しかしながら,商標が商標法第3条第1項第3号に該当するものであるか否かを判断するにあたっては,当該商標が,その指定商品及び指定役務との関係で,その商品の品質又は役務の質,その他の特性を表示記述するものとして取引に際し必要適切な表示であるか否かについての事情を総合考慮して,当該商標がその指定商品又は指定役務に使用された場合における,指定商品又は指定役務の取引者,需要者の認識を基準として判断すべきであるところ,請求人の挙げる事例は,いずれも,本願商標とは,その商標の構成や指定商品及び指定役務が相違するものであり,かかる事例についての判断は,本願商標の上記判断に影響を与えるものではない。

(3)請求人は,光を用いた発毛に関する研究開発等の実情,及び「光」,「発毛」の文字の使用例については,「光発毛」の文字自体の使用例はなく,また,各使用例では,どのような光を利用した技術であるかの具体的な説明がされていることから,それらの技術・機能が特殊であり,補足説明がなければ需要者及び取引者に商品や役務の内容を理解されない分野であるといえる。したがって,たとえ一部に使用例が見受けられるとしても,それらのみをもってして,本願商標「光発毛」が,指定商品等の分野において,普通に用いられていると捉えるのは性急である旨主張する。

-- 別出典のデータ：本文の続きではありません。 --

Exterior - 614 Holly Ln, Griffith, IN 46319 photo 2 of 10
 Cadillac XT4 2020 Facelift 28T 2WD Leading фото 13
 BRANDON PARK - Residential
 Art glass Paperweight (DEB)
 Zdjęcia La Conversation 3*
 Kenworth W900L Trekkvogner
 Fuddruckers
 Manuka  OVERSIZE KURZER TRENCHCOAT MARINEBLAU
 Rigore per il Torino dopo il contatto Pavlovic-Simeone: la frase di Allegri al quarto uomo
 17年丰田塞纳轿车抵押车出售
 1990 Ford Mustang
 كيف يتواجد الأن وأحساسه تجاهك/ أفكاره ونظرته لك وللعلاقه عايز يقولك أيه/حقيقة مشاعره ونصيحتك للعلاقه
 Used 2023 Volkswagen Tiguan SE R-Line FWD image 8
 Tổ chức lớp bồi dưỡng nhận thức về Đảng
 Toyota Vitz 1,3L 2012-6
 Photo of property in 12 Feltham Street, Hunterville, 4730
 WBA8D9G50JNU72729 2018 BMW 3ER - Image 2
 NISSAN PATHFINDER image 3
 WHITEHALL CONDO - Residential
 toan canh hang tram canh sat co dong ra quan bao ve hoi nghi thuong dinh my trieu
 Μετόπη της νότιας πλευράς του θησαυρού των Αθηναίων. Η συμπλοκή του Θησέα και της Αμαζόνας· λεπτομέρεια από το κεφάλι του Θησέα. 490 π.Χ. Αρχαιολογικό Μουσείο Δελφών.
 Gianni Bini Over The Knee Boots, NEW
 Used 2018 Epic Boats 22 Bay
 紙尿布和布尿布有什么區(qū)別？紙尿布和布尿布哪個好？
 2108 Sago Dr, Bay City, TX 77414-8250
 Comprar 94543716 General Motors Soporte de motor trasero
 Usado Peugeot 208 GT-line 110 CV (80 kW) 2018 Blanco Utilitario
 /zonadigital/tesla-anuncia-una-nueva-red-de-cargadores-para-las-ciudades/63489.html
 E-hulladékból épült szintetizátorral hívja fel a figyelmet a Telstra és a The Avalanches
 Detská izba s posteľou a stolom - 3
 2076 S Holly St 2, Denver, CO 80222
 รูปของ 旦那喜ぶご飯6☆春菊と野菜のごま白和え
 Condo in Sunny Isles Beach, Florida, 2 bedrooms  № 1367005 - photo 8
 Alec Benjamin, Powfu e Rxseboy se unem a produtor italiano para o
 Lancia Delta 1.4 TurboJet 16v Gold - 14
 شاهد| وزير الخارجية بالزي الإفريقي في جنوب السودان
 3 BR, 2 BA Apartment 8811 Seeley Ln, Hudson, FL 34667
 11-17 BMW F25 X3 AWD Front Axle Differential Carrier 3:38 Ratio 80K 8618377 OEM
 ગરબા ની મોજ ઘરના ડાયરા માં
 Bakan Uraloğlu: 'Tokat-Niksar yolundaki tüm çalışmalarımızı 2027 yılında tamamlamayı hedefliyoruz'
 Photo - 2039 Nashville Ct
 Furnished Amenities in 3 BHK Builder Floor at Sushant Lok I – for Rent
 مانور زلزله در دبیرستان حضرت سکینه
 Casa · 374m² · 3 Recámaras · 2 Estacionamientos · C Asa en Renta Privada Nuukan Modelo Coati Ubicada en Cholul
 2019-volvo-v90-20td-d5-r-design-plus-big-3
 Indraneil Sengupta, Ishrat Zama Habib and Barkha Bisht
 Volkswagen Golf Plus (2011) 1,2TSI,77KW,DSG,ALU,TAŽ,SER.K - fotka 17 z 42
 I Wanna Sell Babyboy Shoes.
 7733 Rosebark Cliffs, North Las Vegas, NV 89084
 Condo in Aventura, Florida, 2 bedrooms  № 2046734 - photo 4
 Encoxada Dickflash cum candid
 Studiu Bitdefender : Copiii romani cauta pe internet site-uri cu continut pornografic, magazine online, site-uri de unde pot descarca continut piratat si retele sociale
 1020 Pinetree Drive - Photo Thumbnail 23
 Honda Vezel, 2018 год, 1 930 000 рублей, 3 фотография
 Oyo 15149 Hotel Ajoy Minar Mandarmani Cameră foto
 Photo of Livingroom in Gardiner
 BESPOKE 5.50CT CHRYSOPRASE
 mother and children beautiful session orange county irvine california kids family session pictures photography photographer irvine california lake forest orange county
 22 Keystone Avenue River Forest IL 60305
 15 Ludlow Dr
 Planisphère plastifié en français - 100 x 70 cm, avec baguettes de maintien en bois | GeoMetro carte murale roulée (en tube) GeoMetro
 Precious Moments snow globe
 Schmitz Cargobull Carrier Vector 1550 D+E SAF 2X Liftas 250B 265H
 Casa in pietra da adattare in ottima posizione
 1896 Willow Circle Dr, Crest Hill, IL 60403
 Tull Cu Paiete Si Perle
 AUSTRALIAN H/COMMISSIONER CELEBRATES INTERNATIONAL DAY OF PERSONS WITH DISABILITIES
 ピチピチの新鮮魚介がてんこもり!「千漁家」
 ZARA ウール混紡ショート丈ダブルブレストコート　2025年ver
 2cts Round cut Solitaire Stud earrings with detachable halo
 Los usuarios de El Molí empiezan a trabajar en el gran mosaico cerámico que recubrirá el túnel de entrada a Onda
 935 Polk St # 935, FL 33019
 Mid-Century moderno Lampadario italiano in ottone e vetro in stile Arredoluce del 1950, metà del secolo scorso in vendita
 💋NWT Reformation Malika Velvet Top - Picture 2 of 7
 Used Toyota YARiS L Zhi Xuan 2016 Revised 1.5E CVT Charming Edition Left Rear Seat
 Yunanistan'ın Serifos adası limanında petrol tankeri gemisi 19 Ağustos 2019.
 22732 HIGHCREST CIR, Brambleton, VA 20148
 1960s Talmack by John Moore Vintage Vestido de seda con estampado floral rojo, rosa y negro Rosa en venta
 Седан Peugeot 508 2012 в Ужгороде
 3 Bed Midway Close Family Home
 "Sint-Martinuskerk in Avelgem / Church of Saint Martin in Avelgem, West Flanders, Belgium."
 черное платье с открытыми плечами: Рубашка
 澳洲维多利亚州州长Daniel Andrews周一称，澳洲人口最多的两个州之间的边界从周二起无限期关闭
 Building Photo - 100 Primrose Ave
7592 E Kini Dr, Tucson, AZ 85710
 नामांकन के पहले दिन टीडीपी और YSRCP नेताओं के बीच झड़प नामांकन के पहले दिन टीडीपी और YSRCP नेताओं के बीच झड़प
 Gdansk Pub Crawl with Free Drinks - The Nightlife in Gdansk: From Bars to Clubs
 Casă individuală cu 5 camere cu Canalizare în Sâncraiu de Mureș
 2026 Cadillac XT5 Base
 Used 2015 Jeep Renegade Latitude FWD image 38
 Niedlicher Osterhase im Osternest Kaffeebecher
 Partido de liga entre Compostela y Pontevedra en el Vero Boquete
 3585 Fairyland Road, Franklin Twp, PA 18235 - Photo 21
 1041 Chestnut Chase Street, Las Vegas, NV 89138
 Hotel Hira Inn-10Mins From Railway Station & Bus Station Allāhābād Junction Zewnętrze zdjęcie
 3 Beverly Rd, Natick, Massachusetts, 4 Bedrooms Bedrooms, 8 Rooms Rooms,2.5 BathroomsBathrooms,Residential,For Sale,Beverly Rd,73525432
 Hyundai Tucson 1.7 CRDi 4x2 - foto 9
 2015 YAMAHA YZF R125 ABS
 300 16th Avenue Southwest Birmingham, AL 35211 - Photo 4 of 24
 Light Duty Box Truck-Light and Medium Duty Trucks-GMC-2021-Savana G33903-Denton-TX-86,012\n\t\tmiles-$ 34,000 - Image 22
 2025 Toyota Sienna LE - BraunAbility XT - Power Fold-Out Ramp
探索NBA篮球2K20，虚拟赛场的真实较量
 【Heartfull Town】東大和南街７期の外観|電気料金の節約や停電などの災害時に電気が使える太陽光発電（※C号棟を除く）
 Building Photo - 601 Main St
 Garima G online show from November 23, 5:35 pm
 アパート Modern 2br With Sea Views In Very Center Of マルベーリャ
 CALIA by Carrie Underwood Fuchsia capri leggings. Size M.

しかしながら,本願商標が商標法第3条第1項第3号に該当するというためには,本件審判の審決時において,本願商標がその指定商品又は指定役務との関係で商品の品質又は役務の質を表示記述するものとして取引に際し必要適切な表示であり,取引者,需要者によって本願商標がその指定商品又は指定役務に使用された場合に,将来を含め,商品の品質又は役務の質を表示したものと一般に認識されるものであれば足り,それが一般に用いられていた実情があったことまでを必要とするものではないというべきである。そして,「光発毛」の文字は,その言語構成に照らし,「光を用いた発毛」の意味合いが自然に生じること,また,発毛に関する業界においては,光を用いた発毛効果を有するとされる商品や,光を用いた発毛治療等を提供する役務が取引されており,「光を当てるだけで発毛」,「光で発毛できるという機械」,「光で発毛を促す最先端の技術」等の使用例があることからすれば,「光発毛」の文字は,当該文字を用いた商品,役務が,「光を用いた発毛」に関する商品,役務であることを容易に理解させるものであって,その商品の品質又は役務の質を表示記述するものとして取引に際し必要適切な表示であるというべきであるから,請求人が主張するように,「光発毛」の文字自体が現実に使用されておらず,また,上記「光を当てるだけで発毛」等の使用例は,補足説明がなければ需要者及び取引者に商品や役務の技術的な内容を正確には理解されないと解したとしても,そのことをもって,本願商標の同号該当性が否定されるものではない。

したがって,請求人の上記主張は,いずれも採用することができない。

3 まとめ

以上のとおり,本願商標は,商標法第3条第1項第3号に該当するものであるから,登録することができない。

よって,結論のとおり審決する。